De son côté, la réforme du statut des cheminots agit comme un signal. L’opinion a toujours trouvé inéquitable qu’il y ait des régimes spéciaux. À cela, le camp du progrès répondait : « Laissez-nous nos privilèges, ils nous permettront de vous tirer vers le haut, comme ce fut toujours la logique des acquis sociaux. » Macron entre en scène dans les habits du langage de l’opinion : « Quand des agriculteurs pleurent parce qu’ils n’ont pas de retraites, je ne peux pas laisser prospérer le statut des cheminots. » Sous-texte : « Je ne vais pas créer une retraite pour les agriculteurs.
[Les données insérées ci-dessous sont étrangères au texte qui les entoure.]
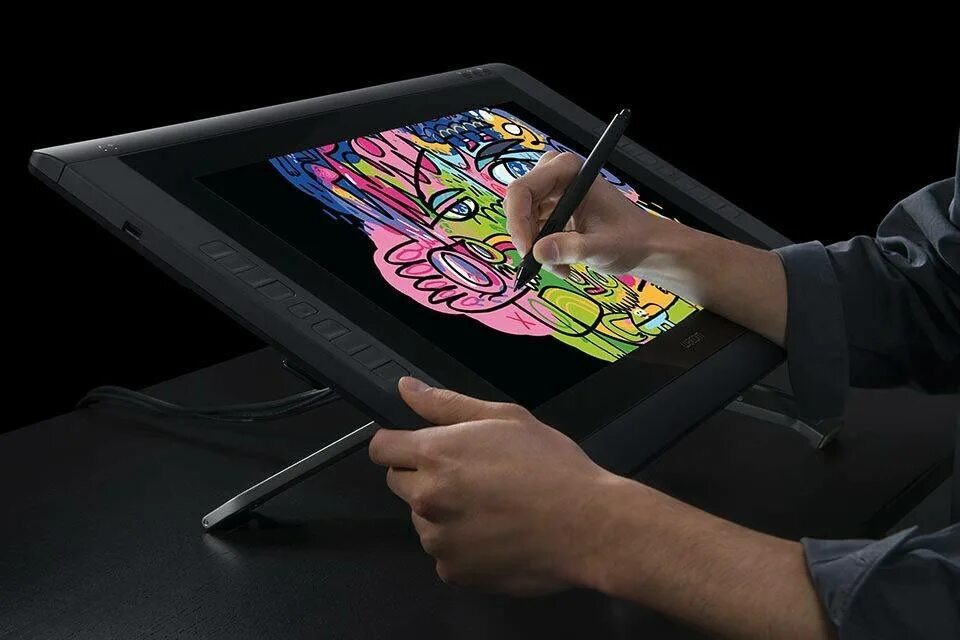 Как выбрать графический. Интерактивный перьевой дисплей Wacom Cintiq 22. Синтик вакуум. Wacom Cintiq 22 упаковка. Графический планшет Вакон.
Je pourrais, mais je ne le ferai pas, car je veux prendre la sociale démocratie à revers, en prouvant à l’opinion que, puisque je peux réformer le statut des cheminots, c’est que la promesse de la sociale démocratie de tirer tout le monde vers le haut à partir des acquis sociaux était mensongère. Je le prouve, je détruis l’acquis social et je tire tout le monde vers le bas. Puisqu’il n’y a pas de retraite pour les agriculteurs, je n’en créée pas, et je punis aussi les cheminots en les privant de leur statut. L’opinion reçoit le message que, si elle ne se tient pas tranquille, elle risque de tout perdre.

 

C’est avec conviction que je mène cette politique : je suis le fruit du reniement de la sociale démocratie de presque toutes les élites et de leur ralliement au libéralisme. Ce reniement et ce ralliement se sont faits lentement et inconsciemment. Des signes en ont été donnés lorsque mon prédécesseur m’a désigné comme le point de mire de son quinquennat (« mon ennemi, c’est la finance »), m’a nommé ministre et a finalement suggéré passivement et malgré lui que je serais son successeur. Je mène cette politique avec conviction, mais je ne le fais pas pour moi. Je ne le fais pas non plus pour mes concitoyens. Je ne les méprise pas, mais je voudrais qu’ils aient des ambitions de milliardaires. Je crois en l’argent roi, qui fait des riches des premiers de cordée, même quand ils fuient leur pays comme la bourgeoisie a émigré loin de ses valeurs : les voyages forment la jeunesse. Je mène cette politique pour les puissances d’argent qui veulent que la SNCF soit mise en concurrence. Je détruis le statut des cheminots pour que, dans mon pays vendu à la découpe à l’argent roi sans tête, on vienne marcher sur les plates-bandes de la SNCF, joyau de notre patrimoine. La « transformation » passe parce que le lien était rompu entre la société française et celle des chemins de fer, qui maltraitait ses usagers. Mais c’est encore l’usager qui trinque dans le citoyen, et il ne le sait pas. » C’est redoutable.